- WORK TASK
Output all of the entries exactly as they are given.

- LISTED ENTRIES

----------------

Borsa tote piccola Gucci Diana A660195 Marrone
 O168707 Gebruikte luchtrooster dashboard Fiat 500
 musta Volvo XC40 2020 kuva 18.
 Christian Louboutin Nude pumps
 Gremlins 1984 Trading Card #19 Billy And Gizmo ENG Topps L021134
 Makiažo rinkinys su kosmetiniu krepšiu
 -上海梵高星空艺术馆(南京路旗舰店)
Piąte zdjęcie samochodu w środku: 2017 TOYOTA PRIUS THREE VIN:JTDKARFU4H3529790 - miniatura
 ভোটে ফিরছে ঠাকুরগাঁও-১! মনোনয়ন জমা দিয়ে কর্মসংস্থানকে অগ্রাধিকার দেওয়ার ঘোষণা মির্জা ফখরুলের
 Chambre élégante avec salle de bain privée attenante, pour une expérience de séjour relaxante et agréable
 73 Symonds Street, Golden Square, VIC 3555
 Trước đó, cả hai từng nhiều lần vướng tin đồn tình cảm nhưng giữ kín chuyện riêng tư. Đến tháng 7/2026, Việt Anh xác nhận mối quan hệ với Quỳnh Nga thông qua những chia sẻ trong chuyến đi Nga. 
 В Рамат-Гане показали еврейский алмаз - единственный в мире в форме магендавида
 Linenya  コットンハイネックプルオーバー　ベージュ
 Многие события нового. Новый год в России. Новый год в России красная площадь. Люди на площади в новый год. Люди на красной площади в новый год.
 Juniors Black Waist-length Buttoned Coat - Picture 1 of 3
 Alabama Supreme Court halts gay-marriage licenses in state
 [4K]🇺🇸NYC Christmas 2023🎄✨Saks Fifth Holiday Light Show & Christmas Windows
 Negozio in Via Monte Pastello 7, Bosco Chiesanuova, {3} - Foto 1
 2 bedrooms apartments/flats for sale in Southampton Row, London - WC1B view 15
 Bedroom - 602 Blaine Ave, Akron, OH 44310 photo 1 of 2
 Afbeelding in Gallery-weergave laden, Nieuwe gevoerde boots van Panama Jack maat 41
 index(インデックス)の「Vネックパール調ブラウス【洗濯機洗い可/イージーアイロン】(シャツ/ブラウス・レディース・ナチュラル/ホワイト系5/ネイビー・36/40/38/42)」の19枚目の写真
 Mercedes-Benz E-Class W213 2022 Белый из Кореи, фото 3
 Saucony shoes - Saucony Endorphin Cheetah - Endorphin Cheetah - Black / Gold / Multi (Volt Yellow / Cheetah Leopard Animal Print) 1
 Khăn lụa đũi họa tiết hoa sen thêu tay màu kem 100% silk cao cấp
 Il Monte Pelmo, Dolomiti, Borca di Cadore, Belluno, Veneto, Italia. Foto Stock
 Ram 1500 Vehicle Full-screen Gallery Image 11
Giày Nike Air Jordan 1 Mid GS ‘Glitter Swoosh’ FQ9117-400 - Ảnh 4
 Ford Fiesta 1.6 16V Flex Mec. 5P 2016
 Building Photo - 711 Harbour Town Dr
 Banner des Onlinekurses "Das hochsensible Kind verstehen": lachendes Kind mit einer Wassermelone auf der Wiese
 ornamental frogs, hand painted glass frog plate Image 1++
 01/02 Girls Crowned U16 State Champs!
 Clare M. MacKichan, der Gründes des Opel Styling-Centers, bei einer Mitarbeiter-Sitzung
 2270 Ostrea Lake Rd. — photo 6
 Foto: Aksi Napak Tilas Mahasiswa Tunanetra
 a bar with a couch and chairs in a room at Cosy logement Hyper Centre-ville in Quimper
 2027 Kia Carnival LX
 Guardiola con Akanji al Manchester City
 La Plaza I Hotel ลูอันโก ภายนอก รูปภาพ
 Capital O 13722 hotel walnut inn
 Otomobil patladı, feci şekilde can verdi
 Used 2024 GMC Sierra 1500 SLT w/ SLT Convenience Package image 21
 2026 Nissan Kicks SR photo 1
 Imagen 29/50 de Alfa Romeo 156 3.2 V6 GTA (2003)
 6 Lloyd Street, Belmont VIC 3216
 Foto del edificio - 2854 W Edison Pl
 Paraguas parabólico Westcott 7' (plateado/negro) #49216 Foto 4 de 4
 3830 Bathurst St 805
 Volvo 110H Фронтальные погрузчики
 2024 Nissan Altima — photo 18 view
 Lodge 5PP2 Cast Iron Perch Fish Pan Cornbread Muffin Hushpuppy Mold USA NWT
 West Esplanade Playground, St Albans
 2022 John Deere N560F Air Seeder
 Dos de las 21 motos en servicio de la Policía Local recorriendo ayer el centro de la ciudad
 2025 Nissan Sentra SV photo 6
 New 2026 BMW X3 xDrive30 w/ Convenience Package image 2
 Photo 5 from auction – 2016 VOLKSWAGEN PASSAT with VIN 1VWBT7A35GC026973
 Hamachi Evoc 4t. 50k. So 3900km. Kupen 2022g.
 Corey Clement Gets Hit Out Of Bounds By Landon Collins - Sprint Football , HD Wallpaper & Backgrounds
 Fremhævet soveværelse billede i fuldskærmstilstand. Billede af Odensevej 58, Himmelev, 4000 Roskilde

----------------

- SOLUTION FOR THIS TASK
Borsa tote piccola Gucci Diana A660195 Marrone
 O168707 Gebruikte luchtrooster dashboard Fiat 500
 musta Volvo XC40 2020 kuva 18.
 Christian Louboutin Nude pumps
 Gremlins 1984 Trading Card #19 Billy And Gizmo ENG Topps L021134
 Makiažo rinkinys su kosmetiniu krepšiu
 -上海梵高星空艺术馆(南京路旗舰店)
Piąte zdjęcie samochodu w środku: 2017 TOYOTA PRIUS THREE VIN:JTDKARFU4H3529790 - miniatura
 ভোটে ফিরছে ঠাকুরগাঁও-১! মনোনয়ন জমা দিয়ে কর্মসংস্থানকে অগ্রাধিকার দেওয়ার ঘোষণা মির্জা ফখরুলের
 Chambre élégante avec salle de bain privée attenante, pour une expérience de séjour relaxante et agréable
 73 Symonds Street, Golden Square, VIC 3555
 Trước đó, cả hai từng nhiều lần vướng tin đồn tình cảm nhưng giữ kín chuyện riêng tư. Đến tháng 7/2026, Việt Anh xác nhận mối quan hệ với Quỳnh Nga thông qua những chia sẻ trong chuyến đi Nga. 
 В Рамат-Гане показали еврейский алмаз - единственный в мире в форме магендавида
 Linenya  コットンハイネックプルオーバー　ベージュ
 Многие события нового. Новый год в России. Новый год в России красная площадь. Люди на площади в новый год. Люди на красной площади в новый год.
 Juniors Black Waist-length Buttoned Coat - Picture 1 of 3
 Alabama Supreme Court halts gay-marriage licenses in state
 [4K]🇺🇸NYC Christmas 2023🎄✨Saks Fifth Holiday Light Show & Christmas Windows
 Negozio in Via Monte Pastello 7, Bosco Chiesanuova, {3} - Foto 1
 2 bedrooms apartments/flats for sale in Southampton Row, London - WC1B view 15
 Bedroom - 602 Blaine Ave, Akron, OH 44310 photo 1 of 2
 Afbeelding in Gallery-weergave laden, Nieuwe gevoerde boots van Panama Jack maat 41
 index(インデックス)の「Vネックパール調ブラウス【洗濯機洗い可/イージーアイロン】(シャツ/ブラウス・レディース・ナチュラル/ホワイト系5/ネイビー・36/40/38/42)」の19枚目の写真
 Mercedes-Benz E-Class W213 2022 Белый из Кореи, фото 3
 Saucony shoes - Saucony Endorphin Cheetah - Endorphin Cheetah - Black / Gold / Multi (Volt Yellow / Cheetah Leopard Animal Print) 1
 Khăn lụa đũi họa tiết hoa sen thêu tay màu kem 100% silk cao cấp
 Il Monte Pelmo, Dolomiti, Borca di Cadore, Belluno, Veneto, Italia. Foto Stock
 Ram 1500 Vehicle Full-screen Gallery Image 11
Giày Nike Air Jordan 1 Mid GS ‘Glitter Swoosh’ FQ9117-400 - Ảnh 4
 Ford Fiesta 1.6 16V Flex Mec. 5P 2016
 Building Photo - 711 Harbour Town Dr
 Banner des Onlinekurses "Das hochsensible Kind verstehen": lachendes Kind mit einer Wassermelone auf der Wiese
 ornamental frogs, hand painted glass frog plate Image 1++
 01/02 Girls Crowned U16 State Champs!
 Clare M. MacKichan, der Gründes des Opel Styling-Centers, bei einer Mitarbeiter-Sitzung
 2270 Ostrea Lake Rd. — photo 6
 Foto: Aksi Napak Tilas Mahasiswa Tunanetra
 a bar with a couch and chairs in a room at Cosy logement Hyper Centre-ville in Quimper
 2027 Kia Carnival LX
 Guardiola con Akanji al Manchester City
 La Plaza I Hotel ลูอันโก ภายนอก รูปภาพ
 Capital O 13722 hotel walnut inn
 Otomobil patladı, feci şekilde can verdi
 Used 2024 GMC Sierra 1500 SLT w/ SLT Convenience Package image 21
 2026 Nissan Kicks SR photo 1
 Imagen 29/50 de Alfa Romeo 156 3.2 V6 GTA (2003)
 6 Lloyd Street, Belmont VIC 3216
 Foto del edificio - 2854 W Edison Pl
 Paraguas parabólico Westcott 7' (plateado/negro) #49216 Foto 4 de 4
 3830 Bathurst St 805
 Volvo 110H Фронтальные погрузчики
 2024 Nissan Altima — photo 18 view
 Lodge 5PP2 Cast Iron Perch Fish Pan Cornbread Muffin Hushpuppy Mold USA NWT
 West Esplanade Playground, St Albans
 2022 John Deere N560F Air Seeder
 Dos de las 21 motos en servicio de la Policía Local recorriendo ayer el centro de la ciudad
 2025 Nissan Sentra SV photo 6
 New 2026 BMW X3 xDrive30 w/ Convenience Package image 2
 Photo 5 from auction – 2016 VOLKSWAGEN PASSAT with VIN 1VWBT7A35GC026973
 Hamachi Evoc 4t. 50k. So 3900km. Kupen 2022g.
 Corey Clement Gets Hit Out Of Bounds By Landon Collins - Sprint Football , HD Wallpaper & Backgrounds
 Fremhævet soveværelse billede i fuldskærmstilstand. Billede af Odensevej 58, Himmelev, 4000 Roskilde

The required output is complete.